Did the crash produce a core file ?

You haven't mentioned what Linux distro or kernel version you're on, and defaults vary. Look in your PostgreSQL datadir and see if there are any files with "core" in the name.

Unfortunately most Linux distros default to not producing core files. Without a core file it'll be nearly impossible because the segfault message reported by the kernel only contains the instruction pointer and stack pointer. The stack pointer is invalid and useless without a core file, and with address space layout randomisation active the instruction pointer offsets are all randomised for each execution, so the ip doesn't tell you much on ASLR systems either.

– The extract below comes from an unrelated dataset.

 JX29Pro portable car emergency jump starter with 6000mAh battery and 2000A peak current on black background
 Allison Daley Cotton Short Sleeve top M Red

If you can show more of the PostgreSQL logs from around the incident that would possibly be helpful.

--
Craig Ringer

Re: Segmentation fault

От
Craig Ringer
Дата:
On 07/19/2012 01:52 PM, Amod Pandey wrote:
Thank you Craig for explaining in such a detail. I am adding more information and would see what more I can add,

$ulimit -a
core file size          (blocks, -c) 0

So I assume there to be no core dump file.
Quite likely. Limits are inherited down process trees, so there's no guarantee that PostgreSQL's ulimit also prevented core file generation. However I haven't seen any distro configure a non-zero ulimit for PostgreSQL or other system services explicitly, so it's pretty darn likely to be zero, though.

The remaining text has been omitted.